Task goal> Send back every line of the data exactly.

━━━━━ Information provided

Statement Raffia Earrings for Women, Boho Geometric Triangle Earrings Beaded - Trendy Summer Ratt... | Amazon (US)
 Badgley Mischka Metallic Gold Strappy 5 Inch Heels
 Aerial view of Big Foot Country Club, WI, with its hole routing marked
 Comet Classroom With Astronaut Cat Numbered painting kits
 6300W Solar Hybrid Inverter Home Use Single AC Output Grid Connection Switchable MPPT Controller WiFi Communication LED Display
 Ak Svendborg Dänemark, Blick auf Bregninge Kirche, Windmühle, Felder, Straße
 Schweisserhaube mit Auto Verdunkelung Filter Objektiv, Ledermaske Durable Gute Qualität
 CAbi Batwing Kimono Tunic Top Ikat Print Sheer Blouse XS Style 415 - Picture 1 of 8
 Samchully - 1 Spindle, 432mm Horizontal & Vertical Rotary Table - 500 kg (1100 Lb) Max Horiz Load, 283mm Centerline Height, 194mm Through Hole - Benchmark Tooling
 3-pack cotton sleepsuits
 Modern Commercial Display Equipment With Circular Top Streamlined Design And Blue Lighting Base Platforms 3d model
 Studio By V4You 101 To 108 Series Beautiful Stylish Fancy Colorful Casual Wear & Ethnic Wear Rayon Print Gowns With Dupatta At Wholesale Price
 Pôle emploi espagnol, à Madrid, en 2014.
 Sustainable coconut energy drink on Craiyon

━━━━━━━━━━

Task response>
Statement Raffia Earrings for Women, Boho Geometric Triangle Earrings Beaded - Trendy Summer Ratt... | Amazon (US)
 Badgley Mischka Metallic Gold Strappy 5 Inch Heels
 Aerial view of Big Foot Country Club, WI, with its hole routing marked
 Comet Classroom With Astronaut Cat Numbered painting kits
 6300W Solar Hybrid Inverter Home Use Single AC Output Grid Connection Switchable MPPT Controller WiFi Communication LED Display
 Ak Svendborg Dänemark, Blick auf Bregninge Kirche, Windmühle, Felder, Straße
 Schweisserhaube mit Auto Verdunkelung Filter Objektiv, Ledermaske Durable Gute Qualität
 CAbi Batwing Kimono Tunic Top Ikat Print Sheer Blouse XS Style 415 - Picture 1 of 8
 Samchully - 1 Spindle, 432mm Horizontal & Vertical Rotary Table - 500 kg (1100 Lb) Max Horiz Load, 283mm Centerline Height, 194mm Through Hole - Benchmark Tooling
 3-pack cotton sleepsuits
 Modern Commercial Display Equipment With Circular Top Streamlined Design And Blue Lighting Base Platforms 3d model
 Studio By V4You 101 To 108 Series Beautiful Stylish Fancy Colorful Casual Wear & Ethnic Wear Rayon Print Gowns With Dupatta At Wholesale Price
 Pôle emploi espagnol, à Madrid, en 2014.
 Sustainable coconut energy drink on Craiyon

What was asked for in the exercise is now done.